Data Science
Data science is the field of study that combines domain expertise, programming skills, and knowledge of mathematics and statistics to extract meaningful insights from data.
Data science practitioners apply machine learning algorithms to numbers, text, images, video, audio, and more to produce artificial intelligence (AI) systems to perform tasks that ordinarily require human intelligence.
In turn, these systems generate insights which analysts and business users can translate into tangible business value.
What do I need to know to be a Data Scientist?
While data scientists often come from many different educational and work experience backgrounds, most should be strong in, or in an ideal case be experts in four fundamental areas. These are:
- Business/Domain
- Mathematics (includes statistics and probability)
- Computer science (e.g., software/data architecture and engineering)
- Communication (both written and verbal)
There are other skills and expertise that are highly desirable as well, but these are the primary four.
In reality, people are often strong in one or two of these, but usually not equally strong in all four.

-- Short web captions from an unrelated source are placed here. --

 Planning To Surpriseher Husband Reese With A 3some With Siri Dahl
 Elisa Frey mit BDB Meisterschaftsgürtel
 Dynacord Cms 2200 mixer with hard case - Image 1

If you do happen to meet a data scientist that is truly an expert in all, then you’ve essentially found yourself a unicorn.
Based on these, a data scientist definition could be a person who should be able to leverage existing data sources, and create new ones as needed in order to extract meaningful information and actionable insights.

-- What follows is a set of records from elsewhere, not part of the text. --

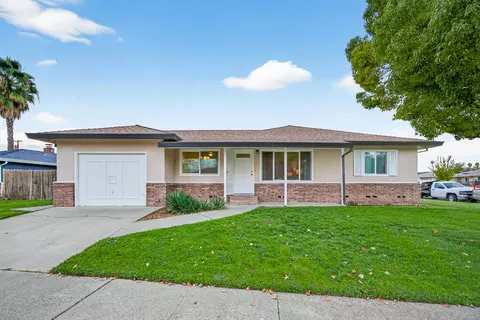 5220 Pomegranate Ave, Sacramento, CA 95823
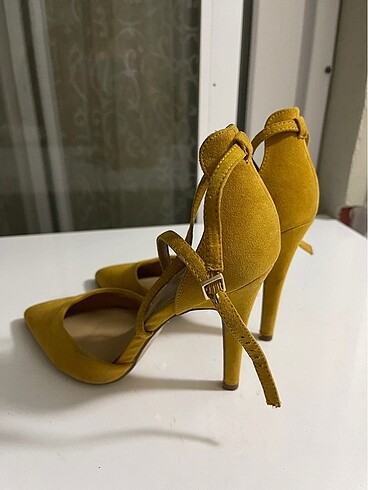 38 Beden sarı Renk Süet Orijinal Topuklu ayakkabı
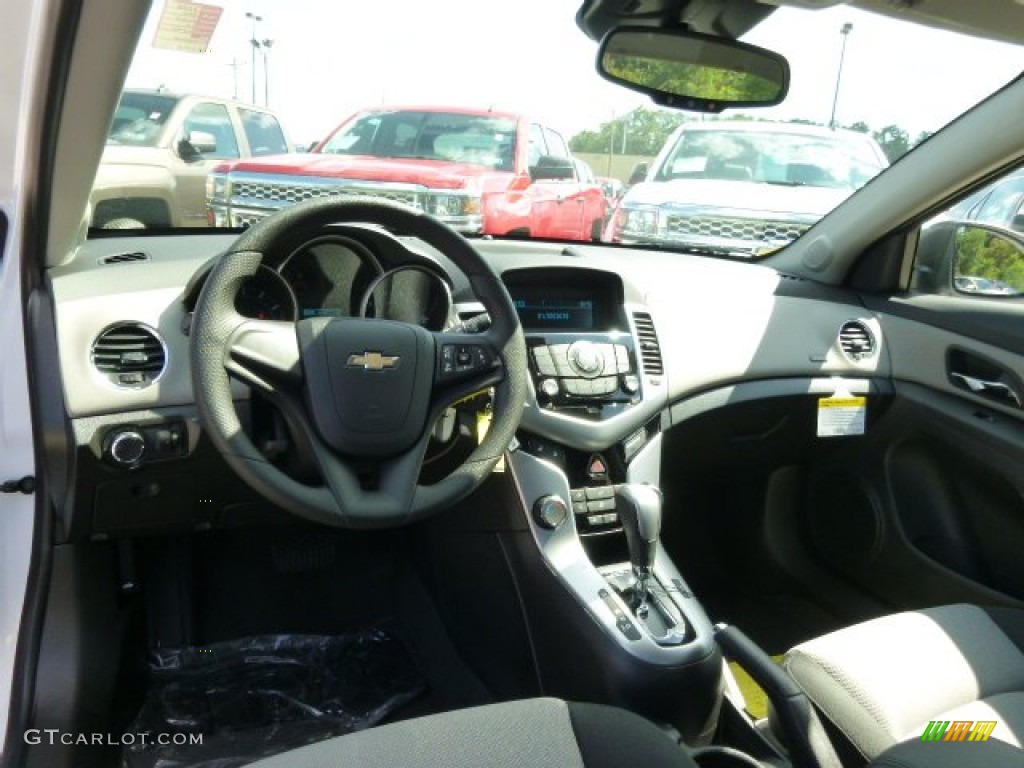 2014 Cruze LS - Summit White / Jet Black/Medium Titanium photo #14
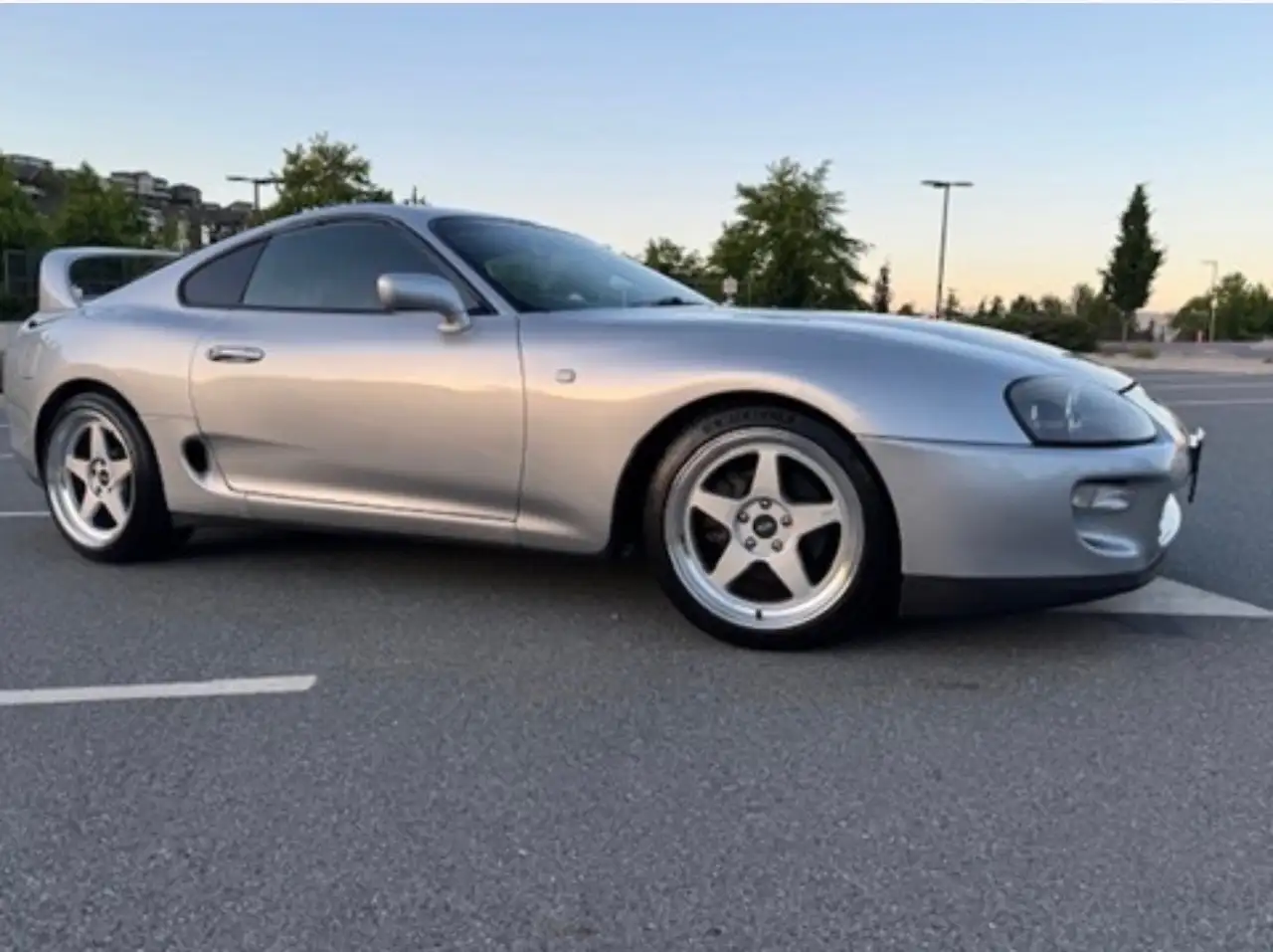 Toyota Supra снимка Toyota Supra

A data scientist does this through business domain expertise, effective communication and results interpretation, and utilization of any and all relevant statistical techniques, programming languages, software packages and libraries, and data infrastructure.
The insights that data scientists uncover should be used to drive business decisions and take actions intended to achieve business goals.
Data science goals
In order to understand the importance of data science, one must first understand the typical goals and deliverables associated with it’s initiatives, and also the process itself.
Let’s first discuss some common data science goals and deliverables.
- Prediction (predict a value based on inputs)
- Classification (e.g., spam or not spam)
- Recommendations (e.g., Amazon and Netflix recommendations)
- Pattern detection and grouping (e.g., classification without known classes)
- Anomaly detection (e.g., fraud detection)
- Recognition (image, text, audio, video, facial, …)
- Actionable insights (via dashboards, reports, visualizations, …)
- Automated processes and decision-making (e.g., credit card approval)
- Scoring and ranking (e.g., FICO score)
- Segmentation (e.g., demographic-based marketing)
- Optimization (e.g., risk management)
- Forecasts (e.g., sales and revenue)
Each of these is intended to address a specific goal and/or solve a specific problem.
The real question is which goal, and whose goal is it?
For example, a data scientist may think that her goal is to create a high performing prediction engine.
The business that plans to utilize the prediction engine, on the other hand, may have the goal of increasing revenue, which can be achieved by using this prediction engine.
Even if an executive is able to determine that a specific recommendation engine would help increase revenue, they may not realize that there are probably many other ways that the company’s data can be used to increase revenue as well.
It can therefore not be emphasized enough that the ideal data scientist has a fairly comprehensive understanding about how businesses work in general, and how a company’s data can be used to achieve top-level business goals
With significant business domain expertise, a data scientist should be able to regularly discover and propose new data initiatives to help the business achieve its goals and maximize their Key Performance Indicators.